In the UK it was the Queen's Coronation in 1953 that drove TV's into the mass market, as people bought sets purely to witness the historic event. Perhaps virtual worlds will become de riguer when man returns to the moon, or first lands on Mars.
ln 1969 I was 8 years old. I remember sitting on the floor of our school corridor with the rest of my school watching the grainy black and white images of the first moon landing. At the time TV technology was over 50 years old.
In 10 years time humans might return to the Moon, and in 20 years we might land on Mars. Are we really going to experience this event primarily through a technology which by then will be 100 years old?
The most interesting alternative (well beyond the simple re-packaging of a headcam feed to a wrap-around headset display) are virtual worlds.

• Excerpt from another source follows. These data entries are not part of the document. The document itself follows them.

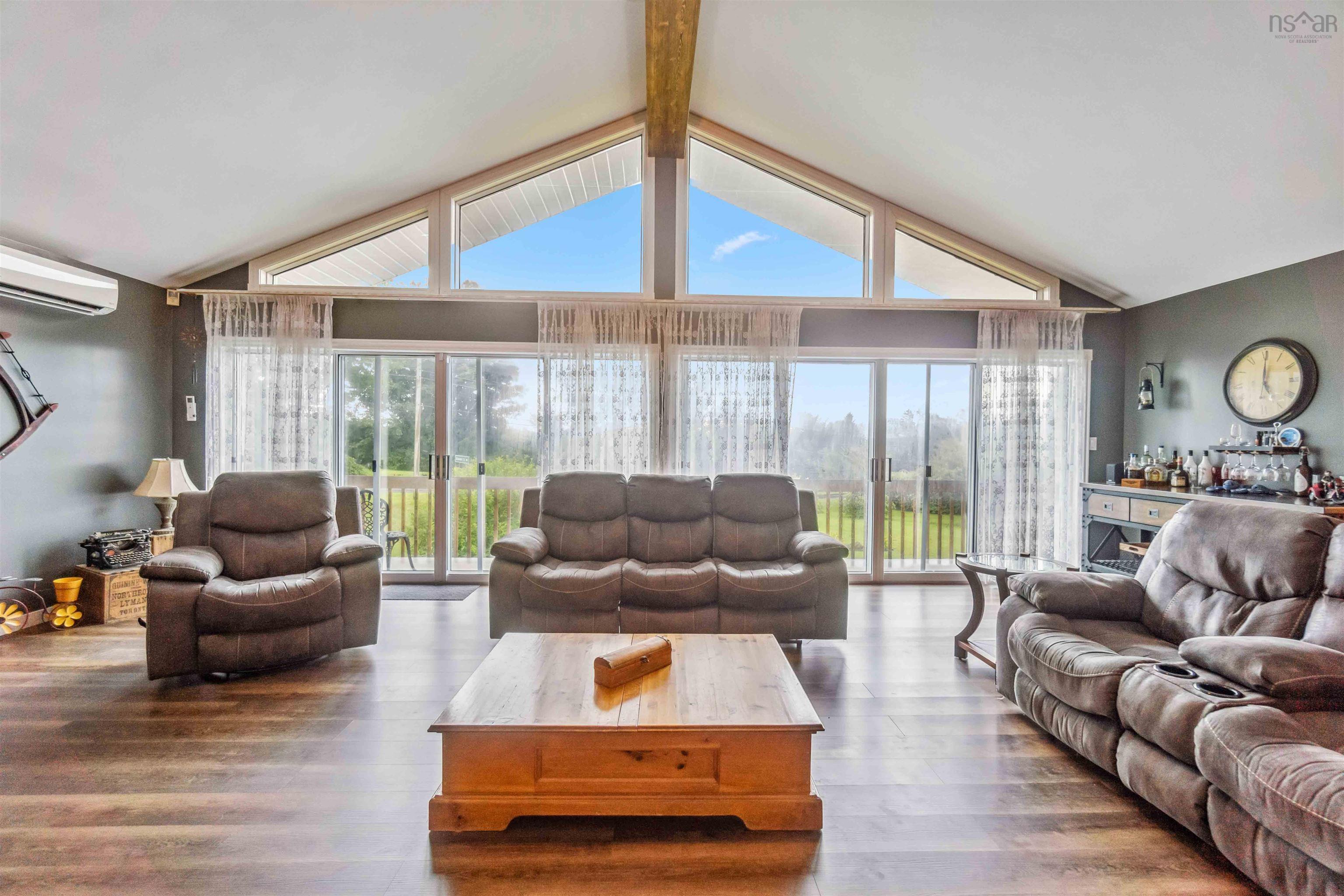 $725,000.00: 263 Lighthouse Road, Bay View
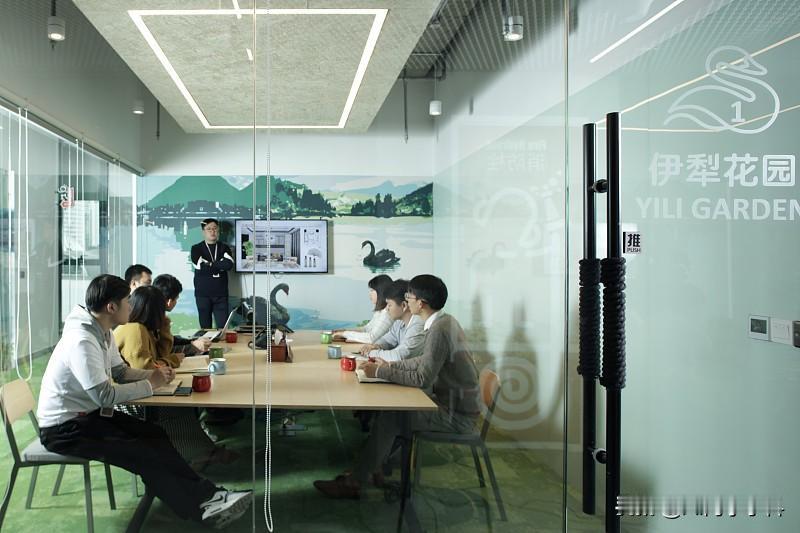 英伟达新模型专治开会抢话，八人同说也能分清

开会的时候最烦什么？好几个人同时抢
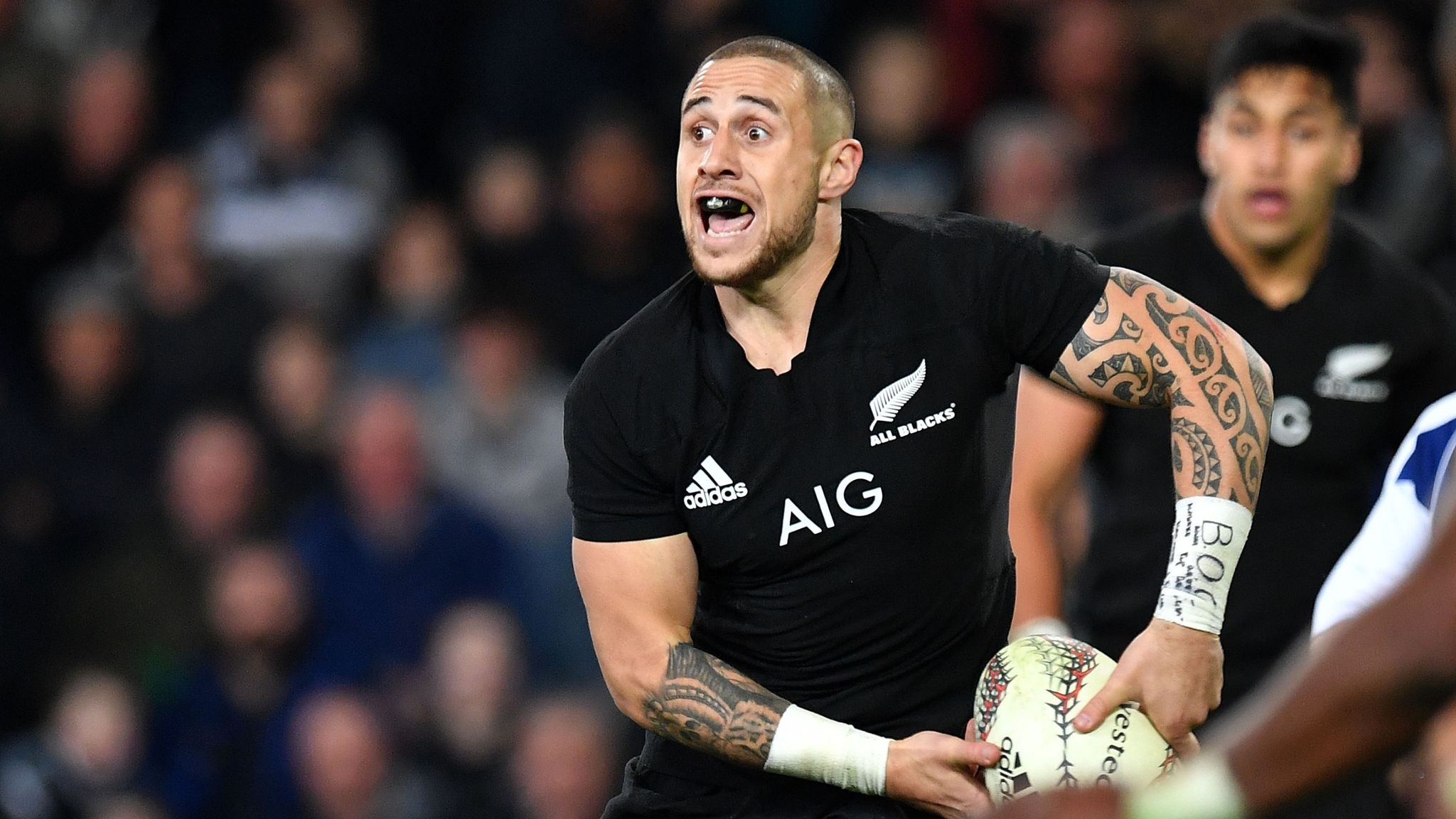 TJ Perenara boosts All Blacks by signing new deal | Rugby Union News | Sky  Sports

When that astronaut (or taikonaut) steps out onto the Moon I (and you) could already be standing on the surface waiting for them.

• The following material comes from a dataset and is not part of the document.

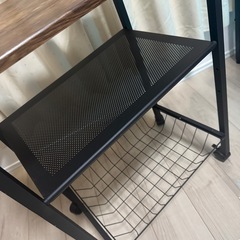 スチールラックの画像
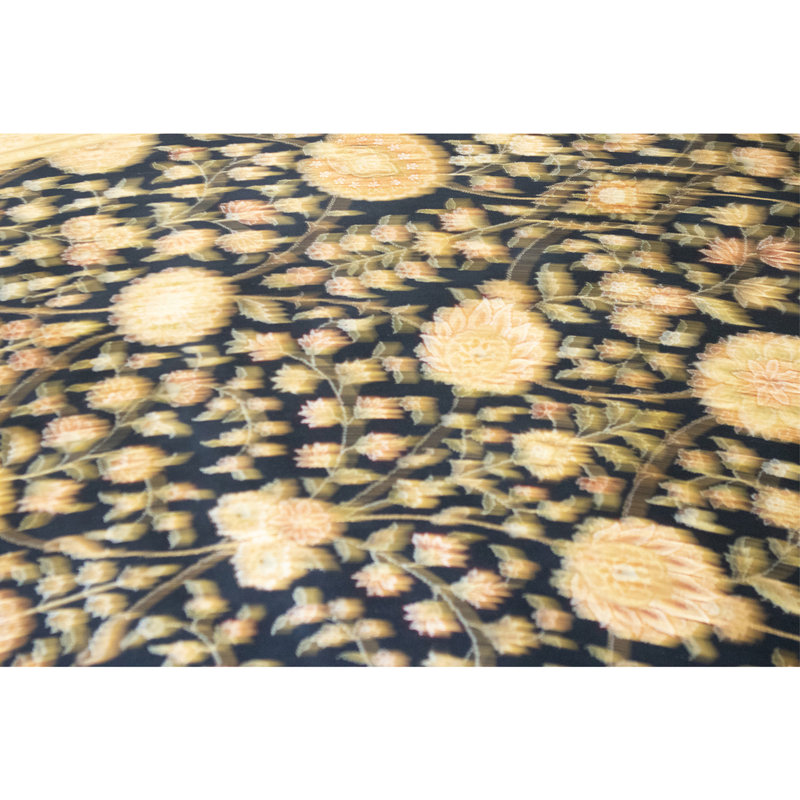 Hand Knotted Area Rug in Navy And Red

NASA are already out to tender for their own virtual world. But this won't just be one world, but also a virtual Moon, a virtual Mars. As we collect more and more data about these worlds their virtual analogs will become ever more accurate. Scientists will gather in them to plan missions, analyse data, and decide on the next move or dig of a robot explorer.

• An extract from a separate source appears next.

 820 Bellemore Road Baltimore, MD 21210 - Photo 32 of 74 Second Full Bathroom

But when the landings come these worlds will be crowded. The mission specialists will have their private world, the rest of us will have our own public instances, as crowded or as private as we like. Some might immerse us, forcing us to wear spacesuits and move in reduced gravity, others let us party around the virtual BBQ.
Using video or other motion capture analysis the movement of the astronaut will drive the million copies of their avatar. We'll watch from wherever we want to stand, we'll hear the words as they are spoken, and watch their actions as they do them.
For some this may seem less real than video. But both are just streams of data - and digital video (particularly with emerging object based standards such as MPEG7) has no monopoly on, or even claim to, truth. And in the virtual world you will be immersed, not just viewing but part of the action, it becomes subjective not objective.
Of course Mars offers an additional challenge - lag. The Moon is only 1.2 light seconds away. Mars is 200 - 300 light seconds away. As a one way experience that will be fine, but it disrupts the two-way experience - particularly important for the astronauts, their controllers and scientists, and perhaps even their families. The solution to this may be the flip situation - we virtualise ourselves as an AI based personality construct and run ourselves in the virtual Mars on the astronauts servers on Mars.
So perhaps my grandchildren will remember the return to the Moon or the first Mars landing not as something they saw on a screen sat on a cold wood floor, but as something they experienced unfolding around them.